Reproduce the data exactly and drop any pictures it holds.

(Short descriptive text snippets)
-*-*-

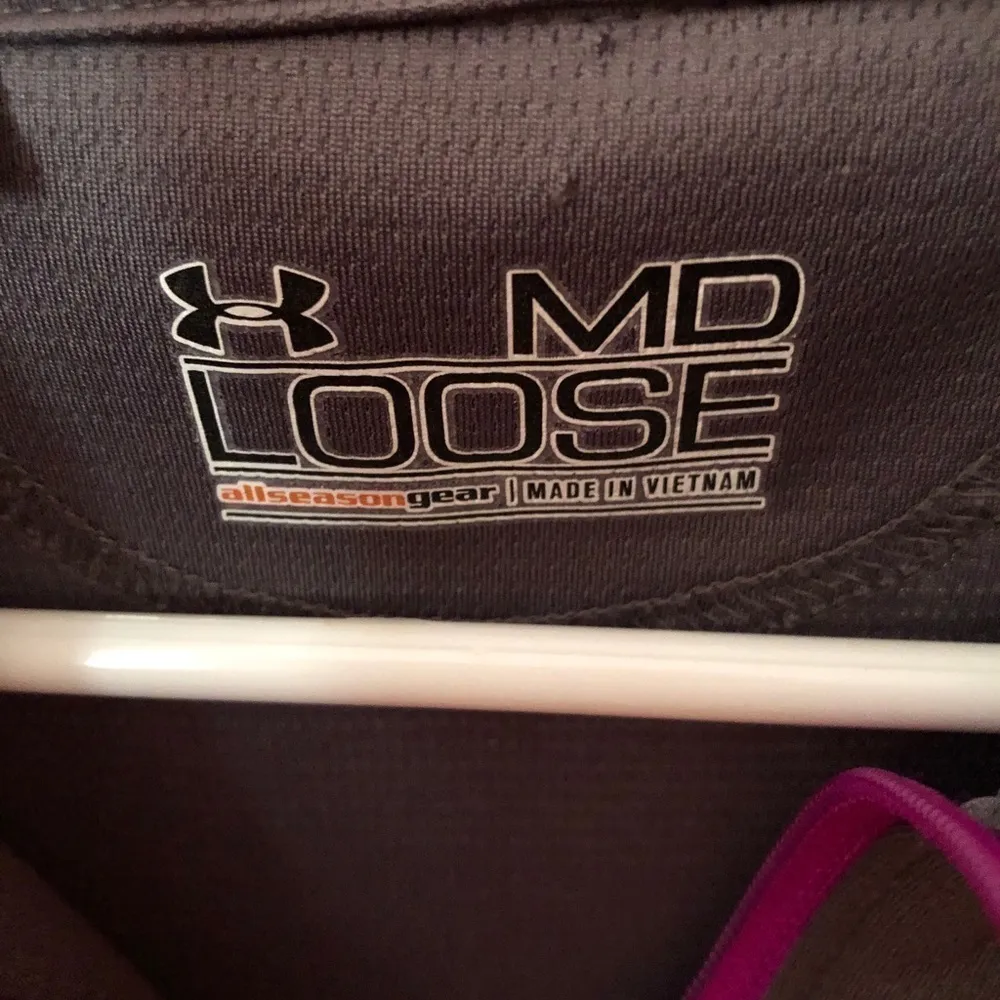 Under Armour 𝅺Women's Tech Loose Fit All-Season Half-Zip Pullover - Image 9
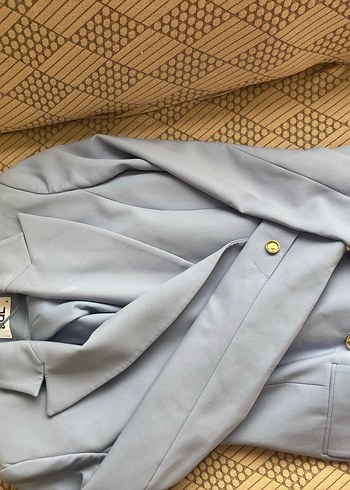 Adil Işık Mavi adl marka blazer takım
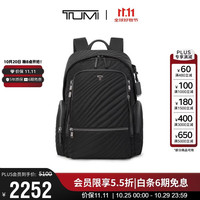 TUMI Voyageur 女士双肩包 黑色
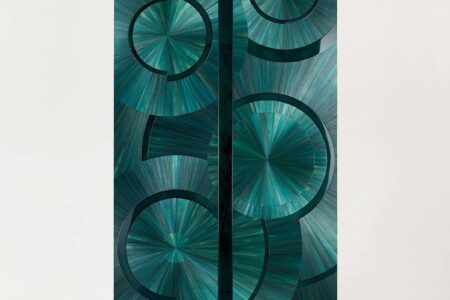 Ripple Cabinet. Jallu Ébénistes. Rune New York. Artesanía y Diseño contemporáneo | hyperfocal 0 55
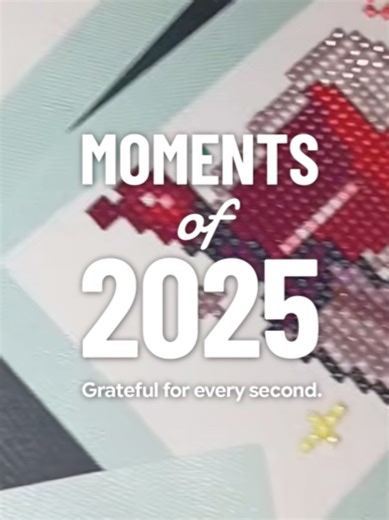 My Diamond Painting Recap of 2025! 💎 💎 Favorite Canvas of 2025: Midnight Arcade Madness from @Dp Lounge Favorite Diamond Pen Company: @P.T.HandMadeGoods Favorite Diamond Painting Putty Company: @Tiny Diny Creations Favorite Tweezer Company: @Susy's Creationz ✨️ Favorite Trays: Redtwo #recap2025 #diamondpainting #diamondpaintingaddict #diamondart #diamondpaintingtiktok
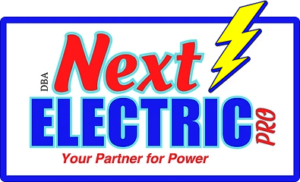 next electric pro logo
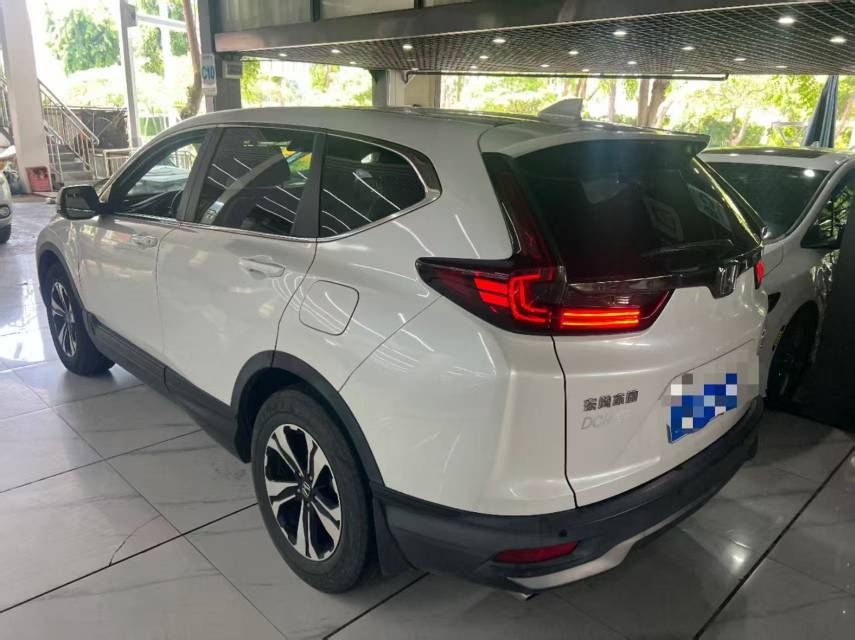 Honda CR-V 2021 car image #9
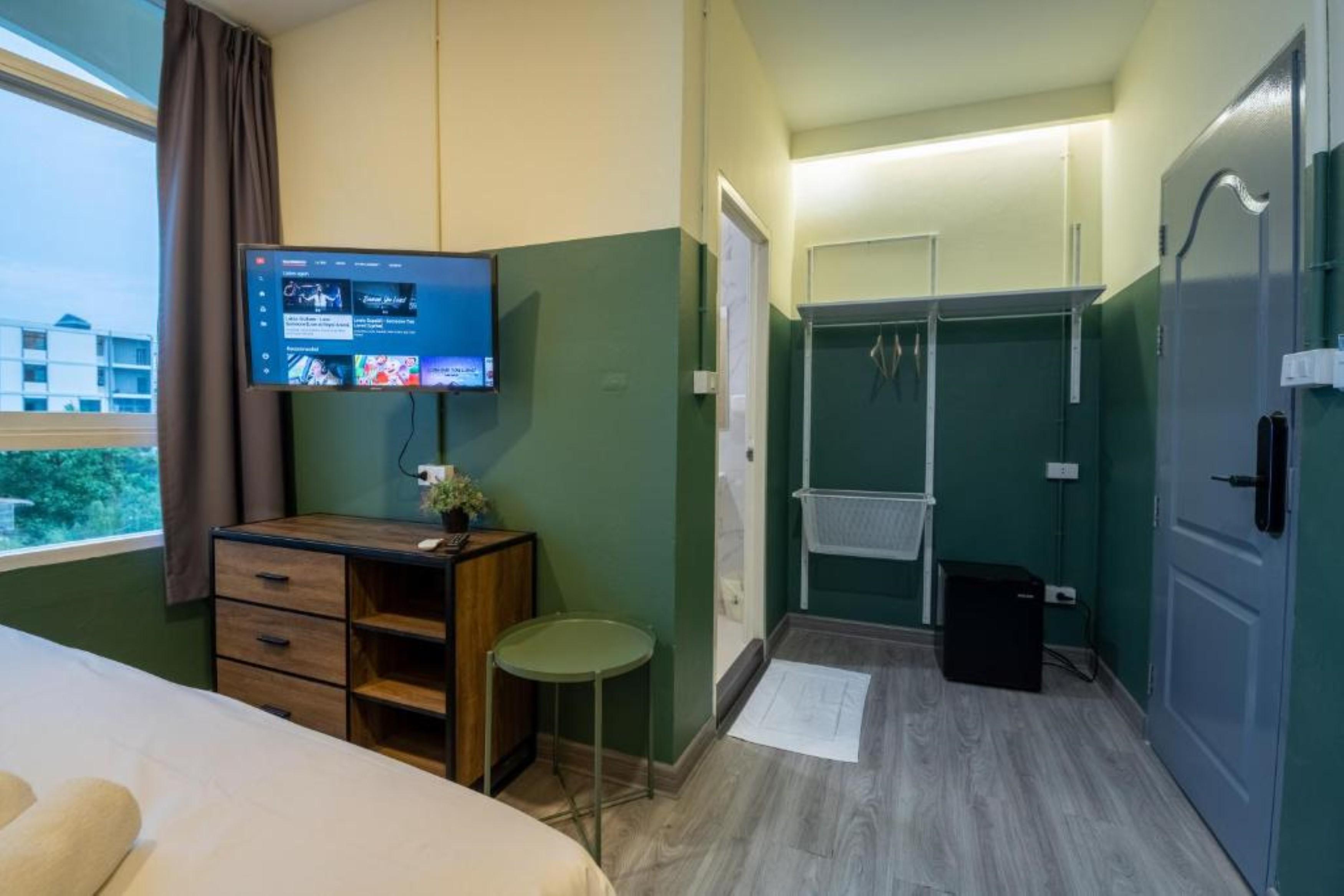 Spacy Bkk 3* Bangkok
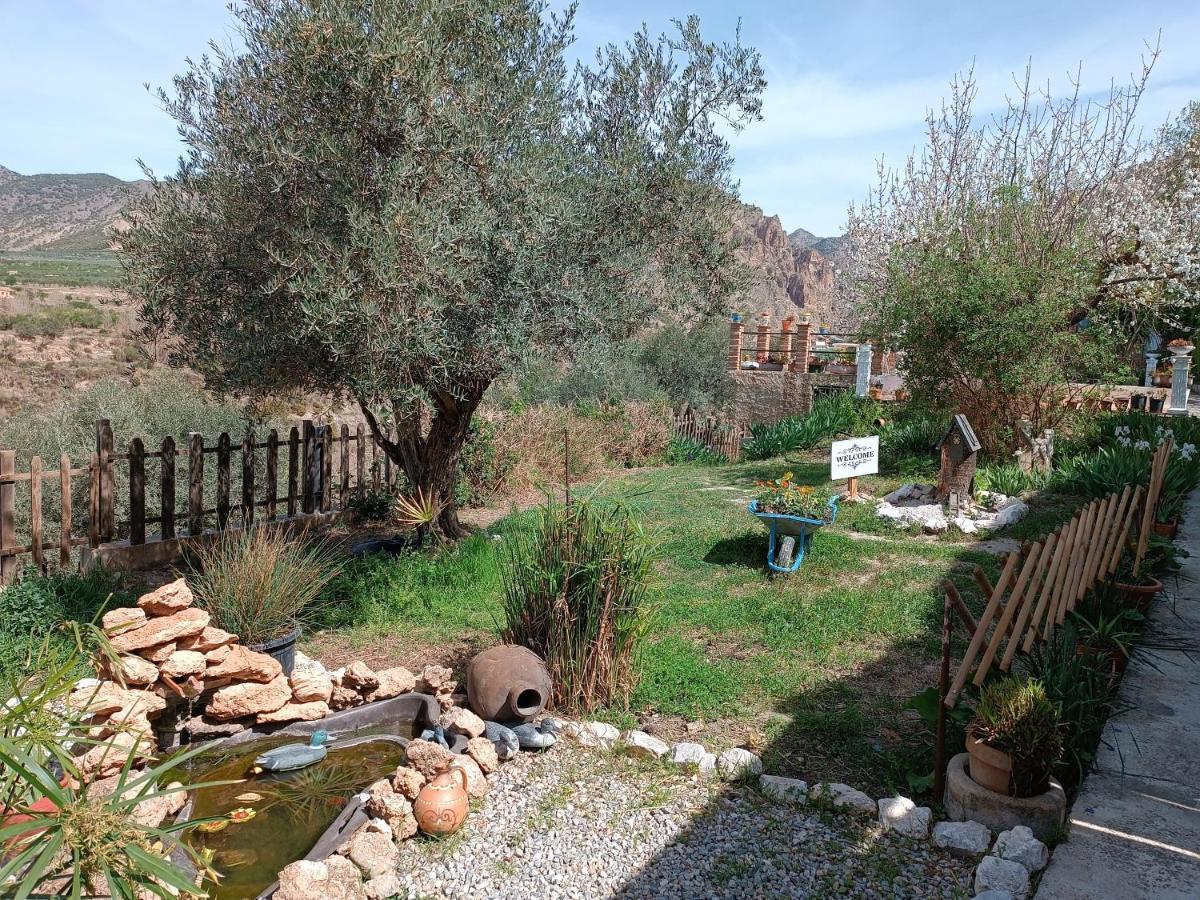 El Rio Villa Dúrcal Eksteriør bilde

-*-*-

(RESPONSE)
 Under Armour 𝅺Women's Tech Loose Fit All-Season Half-Zip Pullover - Image 9
 Adil Işık Mavi adl marka blazer takım
 TUMI Voyageur 女士双肩包 黑色
 Ripple Cabinet. Jallu Ébénistes. Rune New York. Artesanía y Diseño contemporáneo | hyperfocal 0 55
 My Diamond Painting Recap of 2025! 💎 💎 Favorite Canvas of 2025: Midnight Arcade Madness from @Dp Lounge Favorite Diamond Pen Company: @P.T.HandMadeGoods Favorite Diamond Painting Putty Company: @Tiny Diny Creations Favorite Tweezer Company: @Susy's Creationz ✨️ Favorite Trays: Redtwo #recap2025 #diamondpainting #diamondpaintingaddict #diamondart #diamondpaintingtiktok
 next electric pro logo
 Honda CR-V 2021 car image #9
 Spacy Bkk 3* Bangkok
 El Rio Villa Dúrcal Eksteriør bilde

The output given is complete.